* _PROBLEM_: The listing below has to be output exactly as given, less its pictures.

──────────

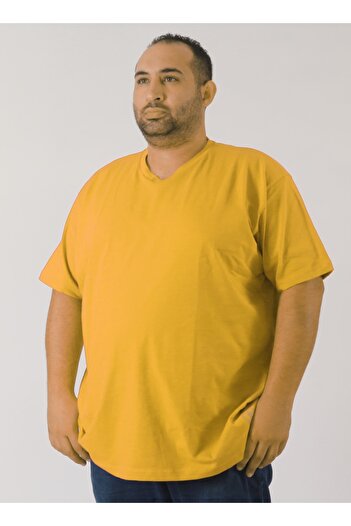 rood Unisex Large Size V-Neck T-Shirt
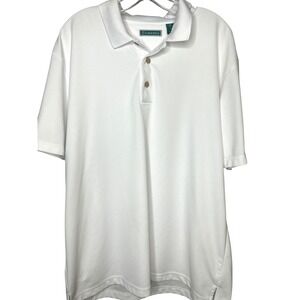 Cubavera‎ Mens White Golf Polo Shirt-XL/Pineapple Logo Textured Casual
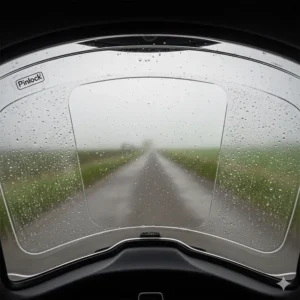 View of a helmet visor with a Pinlock insert fitted to prevent fogging during damp UK weather conditions.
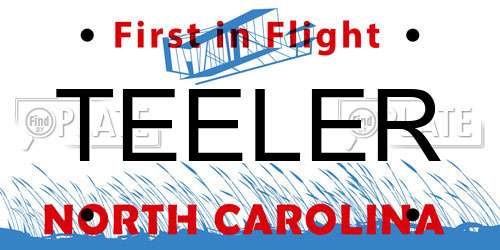 TEELER North Carolina License Plate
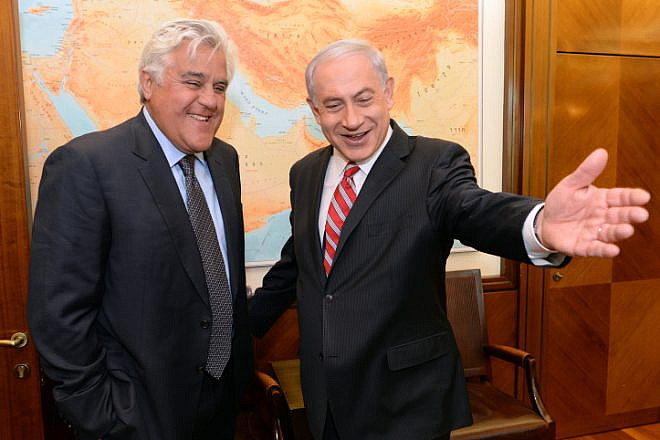 Israel's Prime Minister Benjamin Netanyahu with American comedian Jay Leno at the Prime Minister's Office in Jerusalem on May 21, 2014. Photo by Kobi Gideon/ GPO/Flash90.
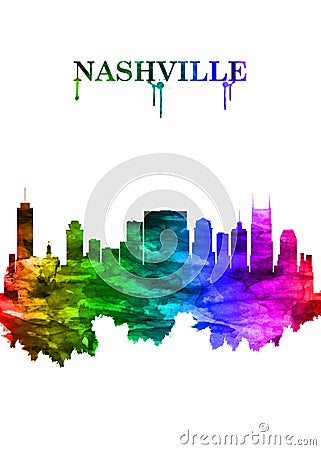 Nashville Tennessee skyline Portrait Rainbow Stock Photo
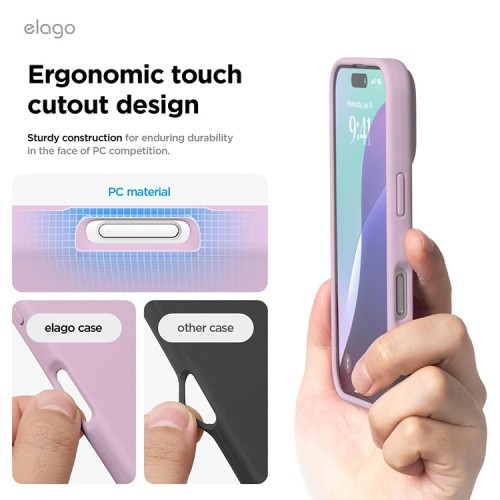 Elago для iPhone 16 Pro чехол Soft silicone (Liquid) Soft Purple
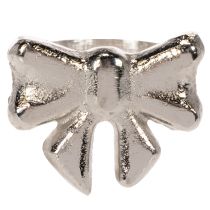 Prodotto Anello portatovagliolo a forma di fiocco, in metallo, argento lucido, 5 cm, 4 pezzi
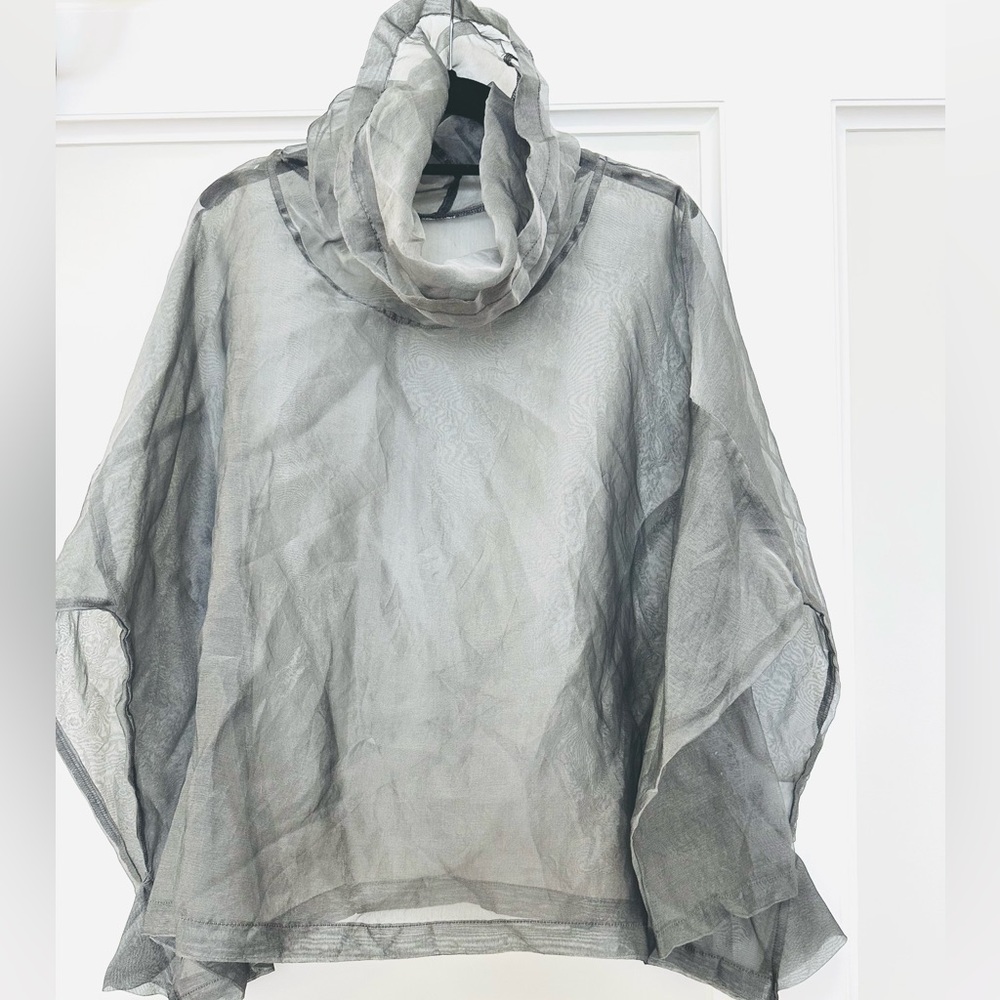 PLANET by Lauren G Sheer Grey Organza Top- one size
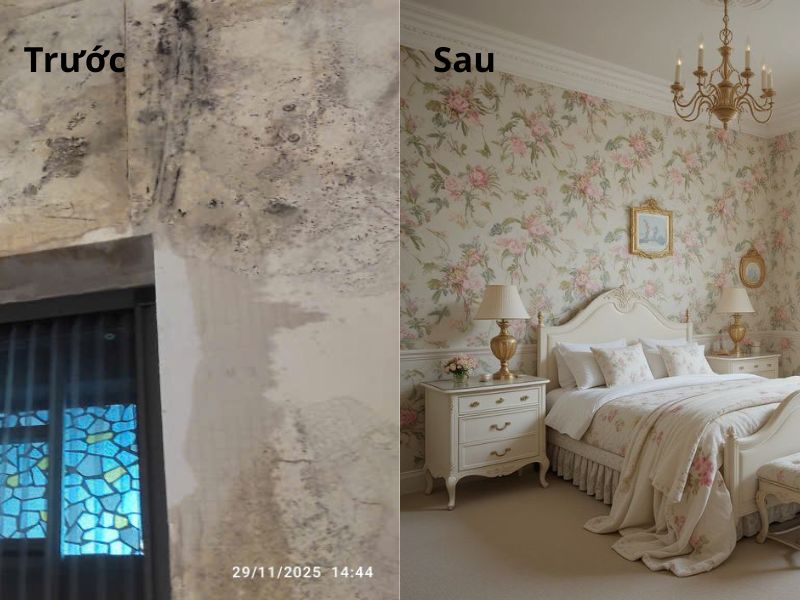 tường ẩm có dán giấy dán tường được không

──────────

* _SOLVED EXERCISE_:
 rood Unisex Large Size V-Neck T-Shirt
 Cubavera‎ Mens White Golf Polo Shirt-XL/Pineapple Logo Textured Casual
 View of a helmet visor with a Pinlock insert fitted to prevent fogging during damp UK weather conditions.
 TEELER North Carolina License Plate
 Israel's Prime Minister Benjamin Netanyahu with American comedian Jay Leno at the Prime Minister's Office in Jerusalem on May 21, 2014. Photo by Kobi Gideon/ GPO/Flash90.
 Nashville Tennessee skyline Portrait Rainbow Stock Photo
 Elago для iPhone 16 Pro чехол Soft silicone (Liquid) Soft Purple
 Prodotto Anello portatovagliolo a forma di fiocco, in metallo, argento lucido, 5 cm, 4 pezzi
 PLANET by Lauren G Sheer Grey Organza Top- one size
 tường ẩm có dán giấy dán tường được không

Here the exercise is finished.